During the battle, five Mexican military cadets, and one of their instructors, refused to fall back when General Bravo finally ordered retreat, and fought to the death. These were teniente (lieutenant) Juan de la Barrera and cadets Agustín Melgar, Juan Escutia, Vicente Suárez, Francisco Márquez, and Fernando Montes de Oca, all between the ages of 13 and 19. According to legend, the last of the six, Juan Escutia,  grabbed the Mexican flag, wrapped it around himself, and jumped off the castle point to prevent the flag from falling into enemy hands. In 1967, Gabriel Flores painted a mural depicting Los Niños Héroes. The mural decorates the ceiling of the palace, showing Escutia wrapped in the flag, apparently falling from above. A monument stands in Chapultepec Park commemorating their courage. The cadets are eulogized in Mexican history as los Niños Héroes, the Child Heroes or Heroic Cadets.

Saint Patrick's Battalion

Thirty men from the Saint Patrick's Battalion, a group of former United States Army soldiers who joined the Mexican side, were executed en masse during the battle.

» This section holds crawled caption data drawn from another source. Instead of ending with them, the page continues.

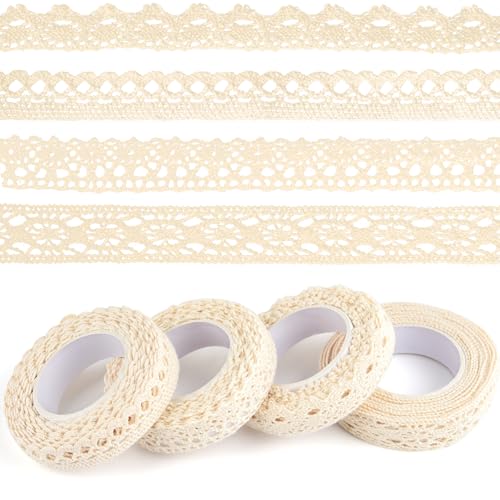 ASTARON Vintage Spitzenband Beige, selbstklebendes Dekoband, Spitzenbordürenband, für Bastelarbeiten, Hochzeitsdekoration, Scrapbooking, Geschenkboxen
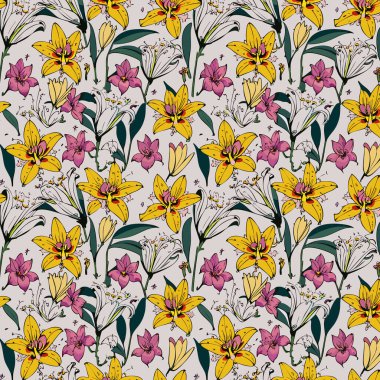 Yapraklı çiçek deseni. Çiçek buketleri çiçek kompozisyonları. Çiçek deseni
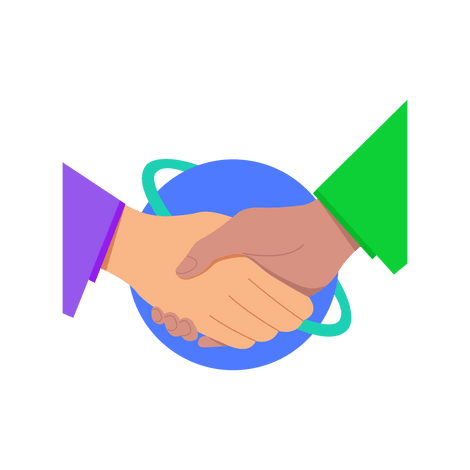 A stylized illustration of two hands shaking with abstract geometric shapes in blue and green in the background, representing a partnership between employers and Valar. The handshake is surrounded by circular elements suggesting global connectivity.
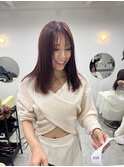 透明感カラー 顔まわりレイヤースタイル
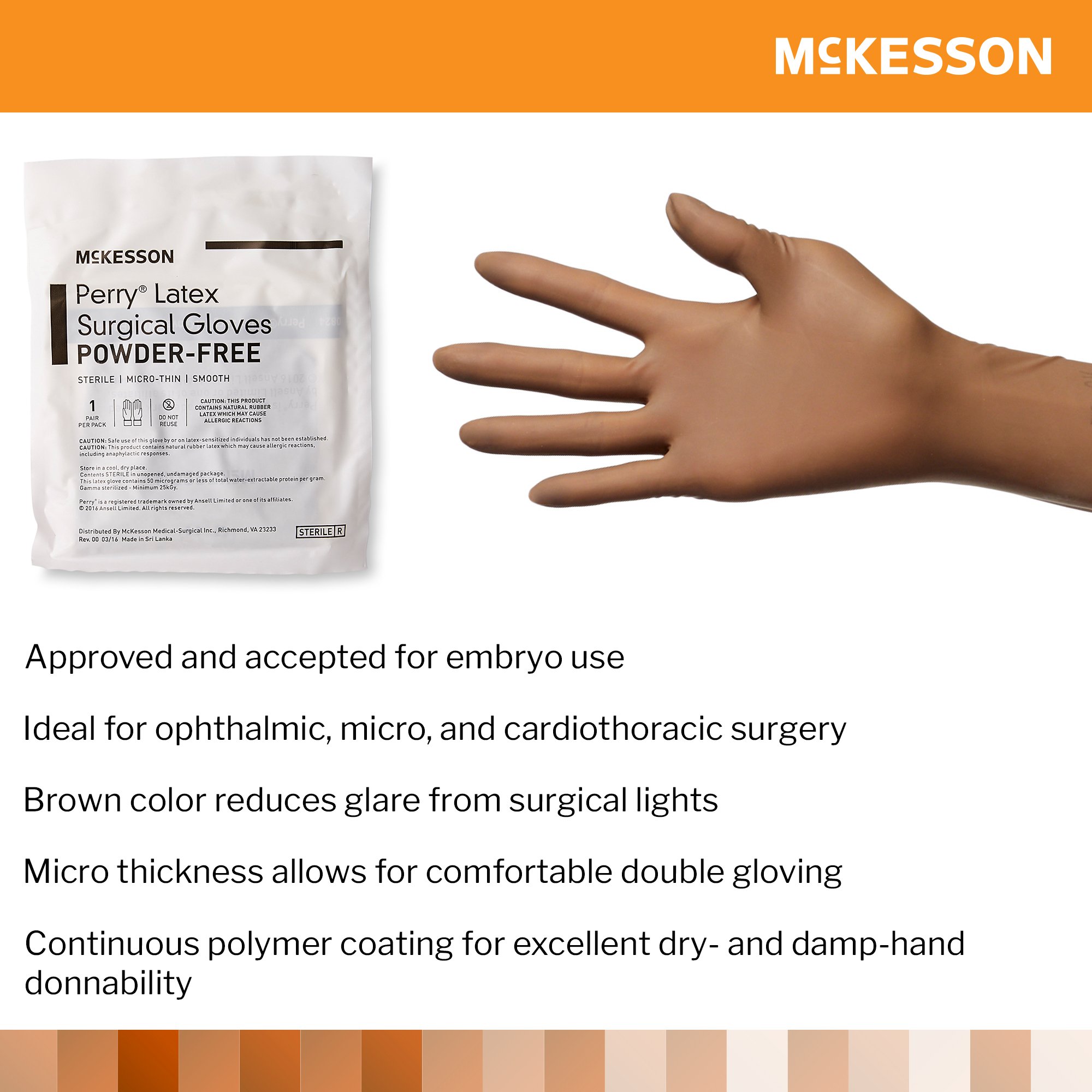 McKesson Brand 20-1390N - McKesson Perry® Latex Surgical Glove, Size 9, Brown - 50/Box, 200/Case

They had been previously captured at the Battle of Churubusco. Colonel William S. Harney specified that they were to be hanged with Chapultepec in view and that the precise moment of their death was to occur when the U.S. flag replaced the Mexican tricolor atop the citadel.

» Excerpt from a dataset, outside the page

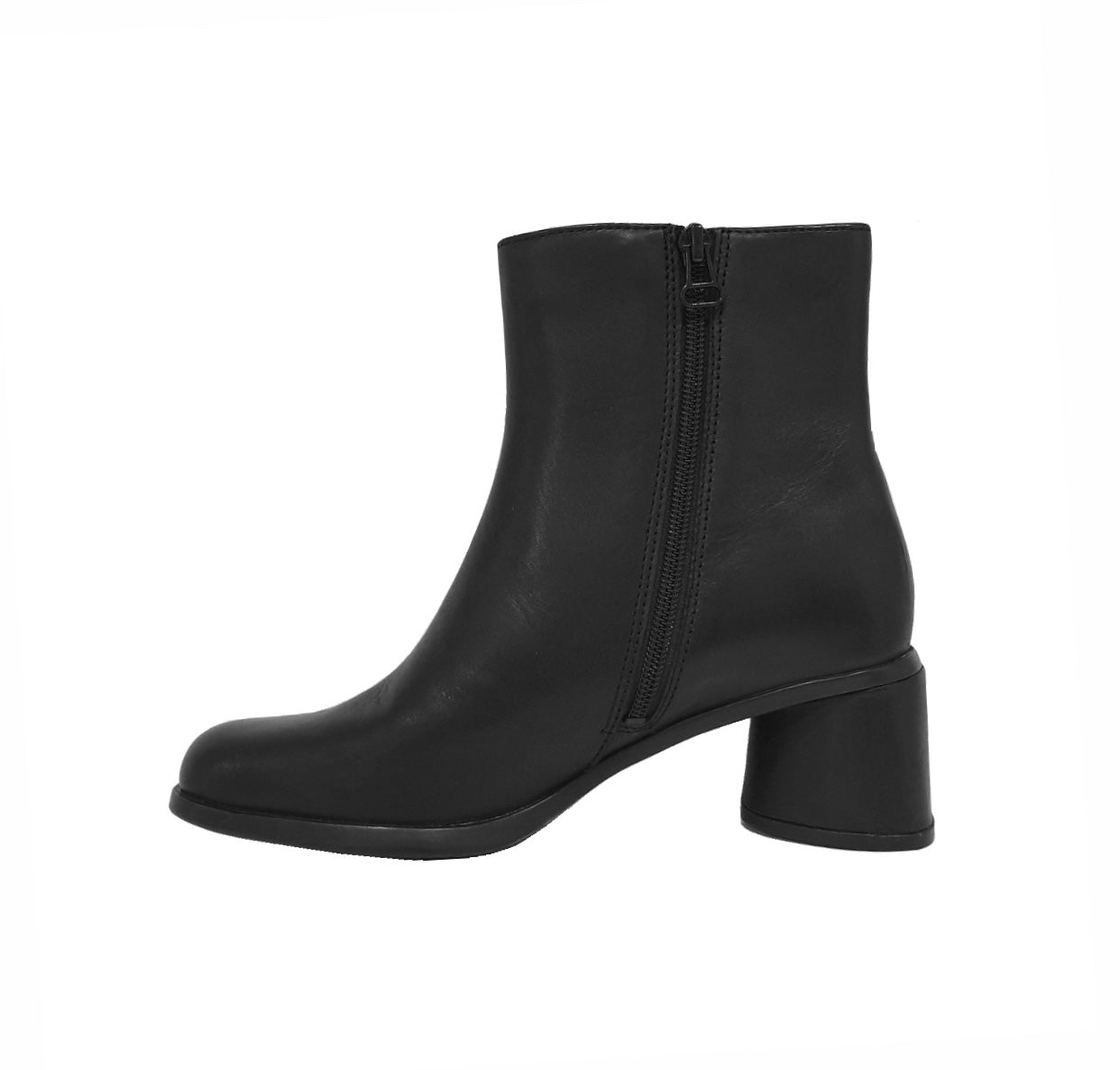 Camper Kiara Black Leather K400743-001 Zip Ankle Boot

Battles for the Belén and San Cosmé Gates
General Scott arrived at the castle and was mobbed by cheering soldiers.
William J. Worth's division was sent by Scott to support Trousdale's men on La Verónica Causeway (now Avenida Melchor Ocampo) for the main attack against the San Cosme Gate.   Defended by Gen. Rangel's Granaderos Battalion, part Matamoros, Morelia, and Santa Anna Battalions (Col. Gonzalez), part 3d Light (Lt. Col. Echeagaray),  & 1st Light (Comdt. Marquez)  Trousdale, followed by John Garland, Newman Clarke, and George Cadwalader's brigades, began advancing up the causeway.

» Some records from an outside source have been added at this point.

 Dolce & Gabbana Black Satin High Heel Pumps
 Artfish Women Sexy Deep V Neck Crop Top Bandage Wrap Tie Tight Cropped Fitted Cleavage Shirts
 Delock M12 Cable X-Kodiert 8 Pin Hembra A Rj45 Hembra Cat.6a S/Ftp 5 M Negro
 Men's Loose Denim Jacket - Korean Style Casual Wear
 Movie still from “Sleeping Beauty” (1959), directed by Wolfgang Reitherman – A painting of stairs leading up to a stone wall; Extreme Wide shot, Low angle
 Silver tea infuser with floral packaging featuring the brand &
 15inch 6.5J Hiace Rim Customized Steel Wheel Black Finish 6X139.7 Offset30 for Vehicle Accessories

General Quitman quickly gathered the troops in Chapultepec, except the 15th Infantry, who guarded the castle and prisoners, and designed as a feint, headed down the Belén Causeway, stopping at the Belen Garita.  The gate was manned by the Morelia Battalion, under the command of General Andrés Terrés' (three guns and 180 men: 2d Mexico Activos) and the paseo to the north by General Ramirez.  Troops began to desert, and when Terres ran out of ammunition, he withdrew into the Ciudadela.   Led by the Mounted Rifles (fighting on foot), Quitman breached the Belén Gate at 1:20 pm.   General Scott later commented, "Brave Rifles, you have gone through fire and come out steel".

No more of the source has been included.